How to complete this task. Find "HAUTEFORT Maison 3" below and begin at its line; stop after the line with "Building Photo - 8805 SE Riverfront Terrace". Output those lines exactly, without pictures.

Data to use.
■ ■ ■ ■ ■ ■ ■
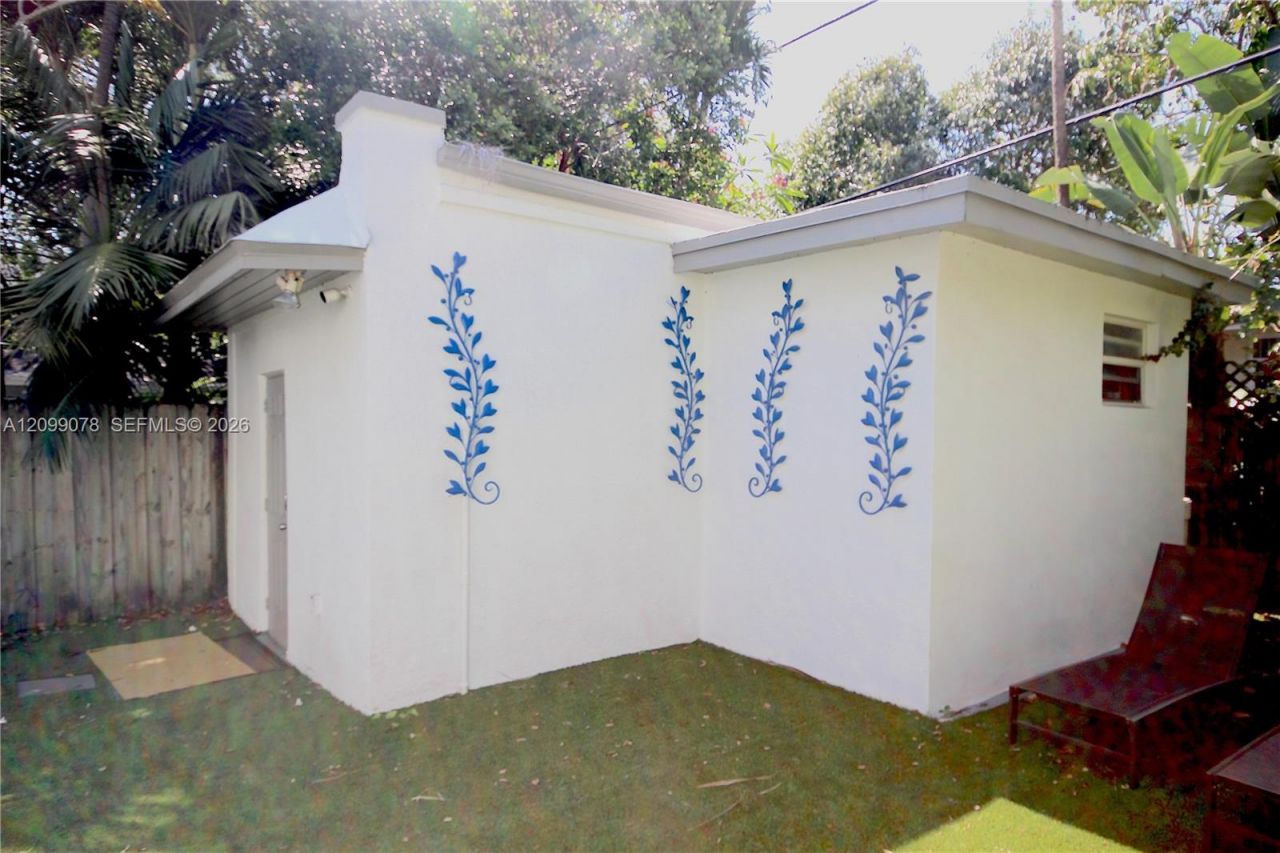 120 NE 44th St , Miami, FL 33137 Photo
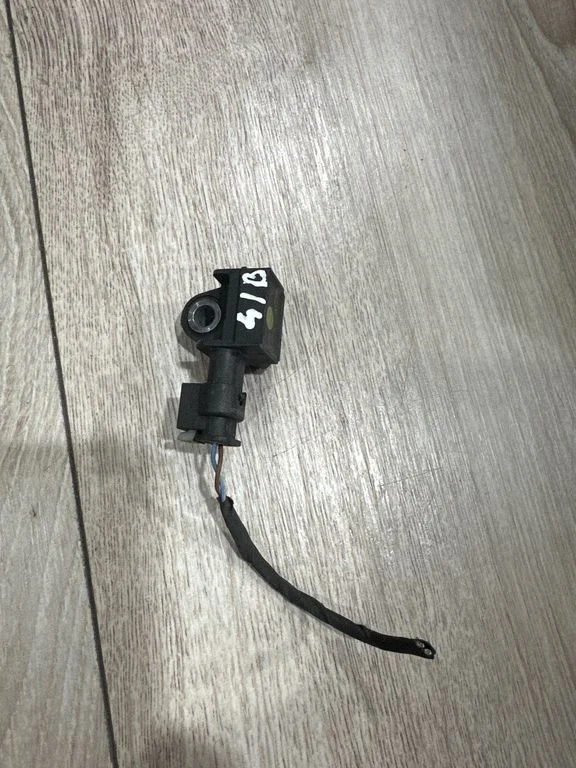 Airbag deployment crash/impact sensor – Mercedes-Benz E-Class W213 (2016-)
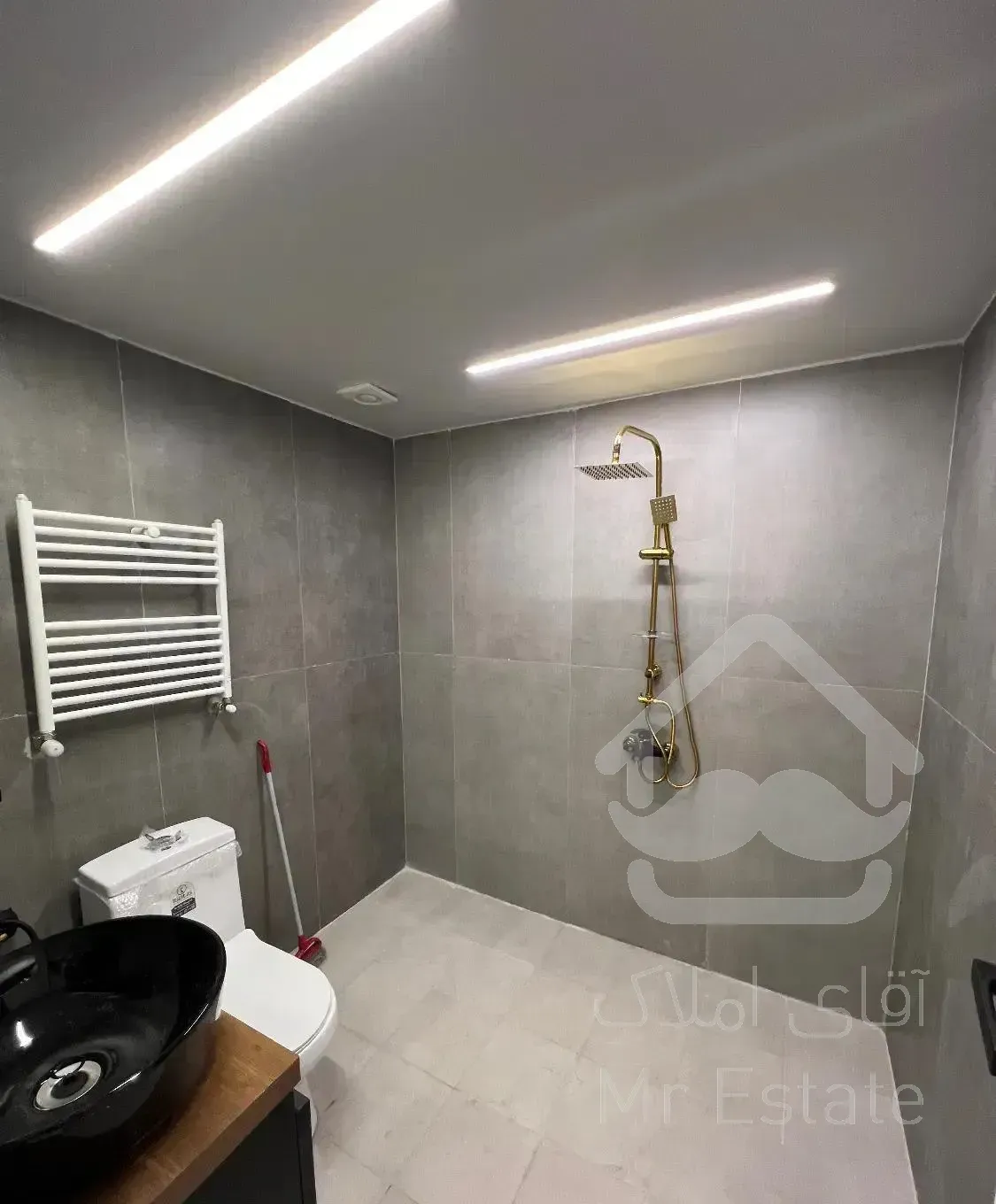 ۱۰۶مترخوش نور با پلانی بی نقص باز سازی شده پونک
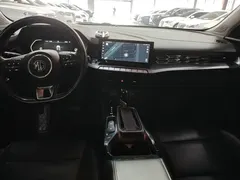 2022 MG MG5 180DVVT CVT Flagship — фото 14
■ ■ ■ ■ ■ ■ ■
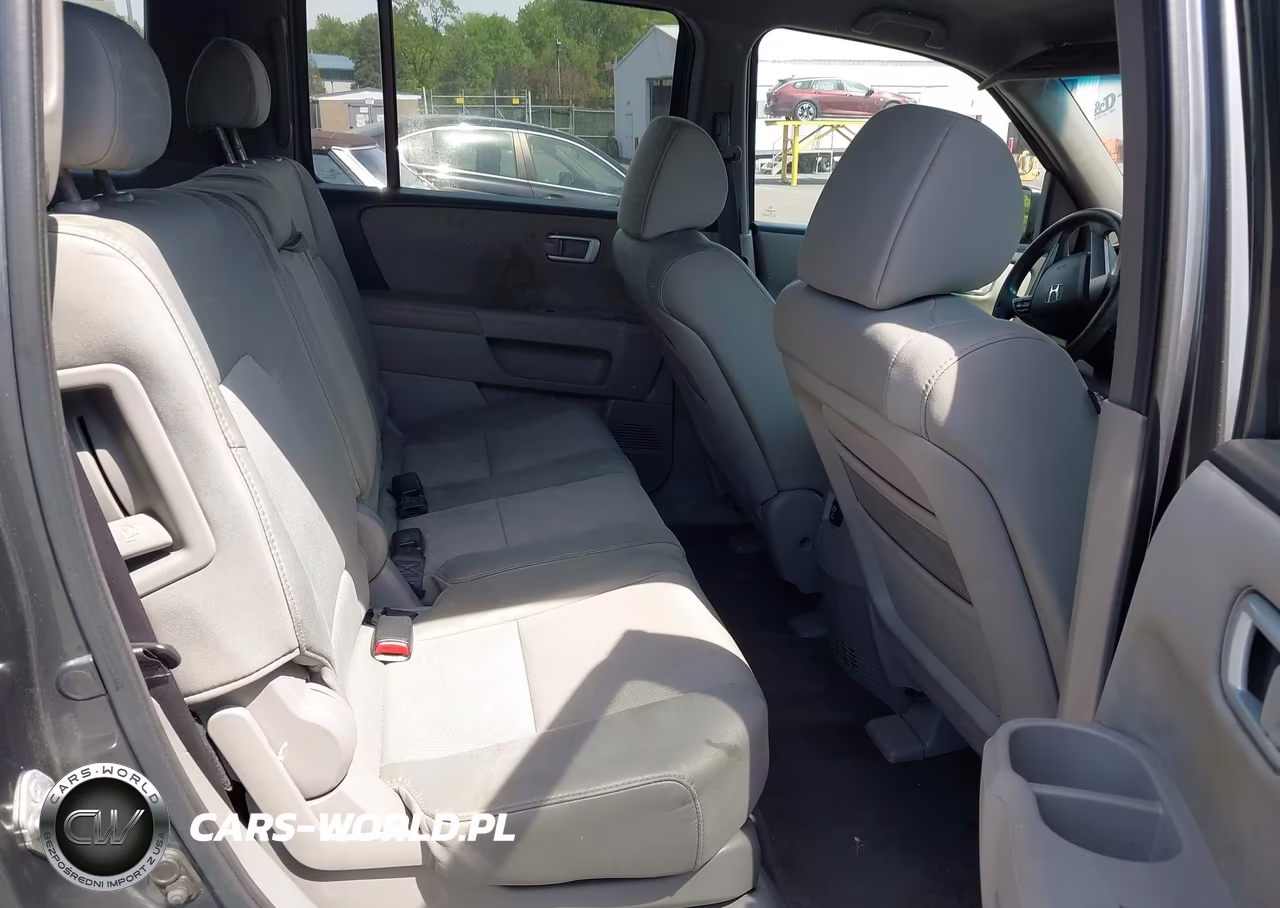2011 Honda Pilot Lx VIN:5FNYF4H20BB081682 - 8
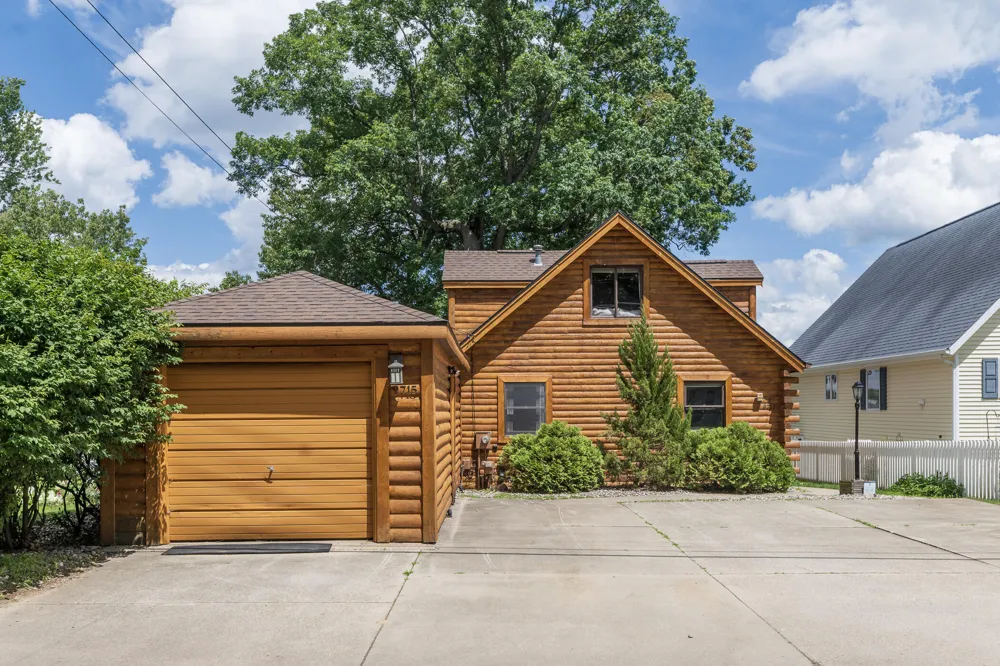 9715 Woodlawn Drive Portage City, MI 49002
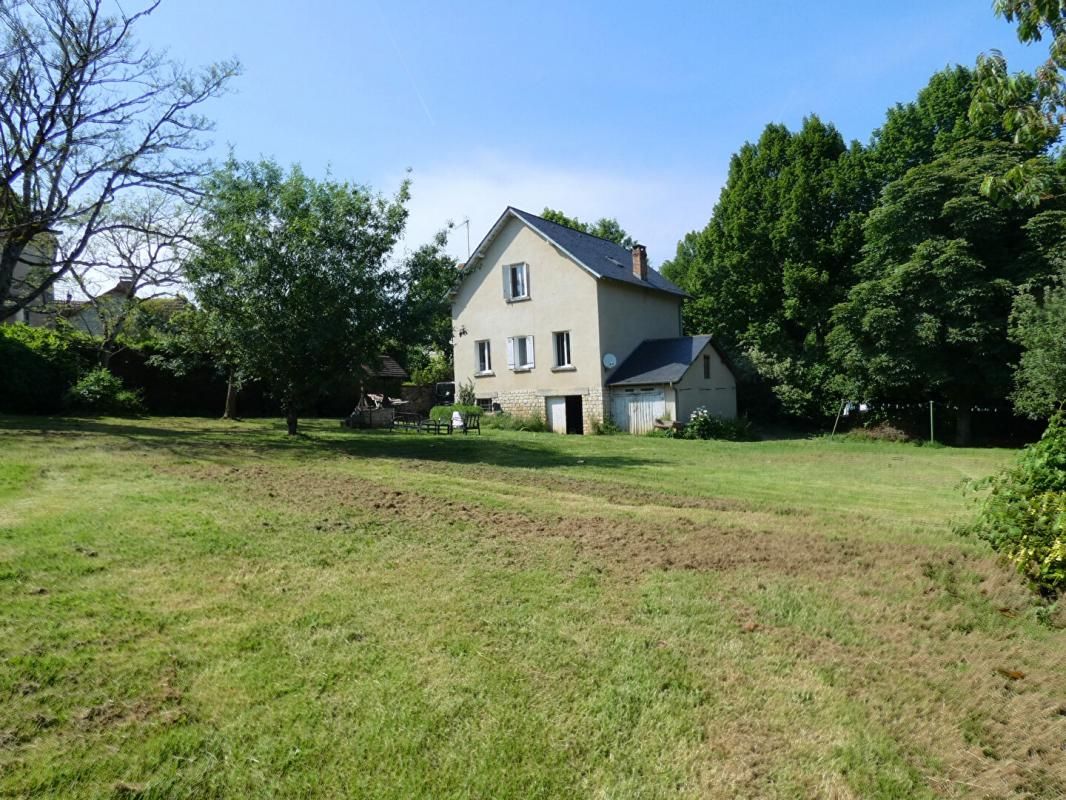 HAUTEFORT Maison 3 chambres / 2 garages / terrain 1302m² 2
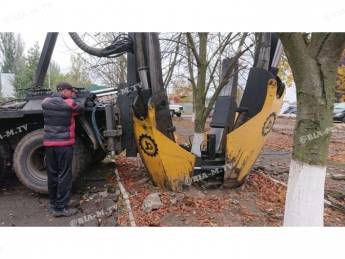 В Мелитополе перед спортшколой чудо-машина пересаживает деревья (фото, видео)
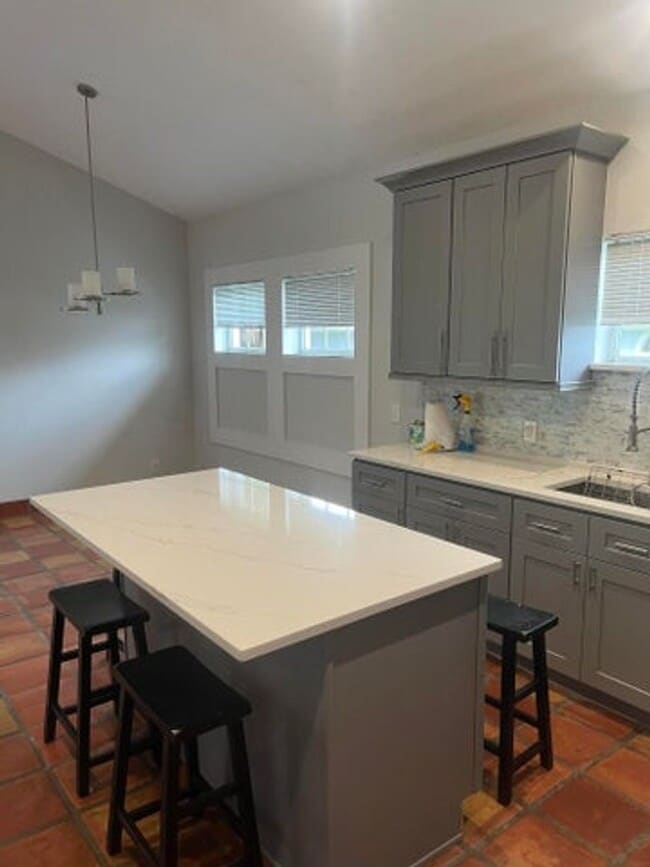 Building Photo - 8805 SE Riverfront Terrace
■ ■ ■ ■ ■ ■ ■
Finished exercise.
 HAUTEFORT Maison 3 chambres / 2 garages / terrain 1302m² 2
 В Мелитополе перед спортшколой чудо-машина пересаживает деревья (фото, видео)
 Building Photo - 8805 SE Riverfront Terrace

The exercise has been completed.